The Sam Wanamaker Playhouse is a very suitable theatre, and the space is used well. Jessica Worrall’s period costumes are excellent, and the glistening black & gold backdrop takes you to the 14th century. The music mostly suits it, except the use of the West African Kora, beautiful though it is, which seemed totally out of place, conjuring up exotic foreign places rather than medieval Britain. Some of the touches of humour work, like Edward’s propensity to dish out titles played like a running joke, but sometimes it feels a bit flippant. The double and triple casting, using women in male roles, also works, though you have to suspend disbelief when you see a bishop who looks like he’s still at school.

I’ve rarely been disengaged in this lovely theatre by a play I have hitherto found fascinating. Maybe it hasn’t settled yet, but I’m afraid indifference was my primary reaction.

Counting Sheep

I visited Ukraine nine years ago, nineteen years after the break-up of the Soviet Union. It was obvious then that it was a very divided country, half looking east to Russia and half west to the EU. Who’d have thought it would be like that here six years later! Four years after my visit things came to a head with a revolution centred on Independence Square in Kiev, near to where I’d been staying for the second part of the trip. This extraordinary show recreates that revolution, five years later, under the arches at Waterloo station, named in memory of another battle almost exactly 200 years before.
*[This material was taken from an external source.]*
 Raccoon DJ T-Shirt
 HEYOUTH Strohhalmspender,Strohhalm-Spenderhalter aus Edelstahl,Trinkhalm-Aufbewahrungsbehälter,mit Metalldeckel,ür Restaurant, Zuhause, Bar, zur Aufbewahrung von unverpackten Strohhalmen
Like all revolutions, this one starts with a meal, with vodka, obviously. The bonhomie lulls us into a false sense of security, with food, drink, music and dancing. Our narrator, a Canadian with some Ukrainian heritage, tells us how he found himself caught up in the revolution. The narrative is sketchy, but the atmosphere is extraordinary. Projections along two long sides of the space connect us with the real events of 2014. The small cast and audience move around the space building barricades from pallets and tyres, carrying shields, wearing flags.

The traditional music adds much to the creation of something which felt surprisingly authentic and totally engaging. Facts are projected to conclude the story with a return to reality as the cast from Ukraine, Belarus, Canada and the UK introduce themselves, including Mark & Marichka Marczyks, whose real experiences are at the heart of the piece. It’s staged by the founders of the inspirational Belarus Free Theatre, Natalia Kaliada & Nicolai Khalezin. This is thrilling theatre that must be seen and you have until 17th March to do so!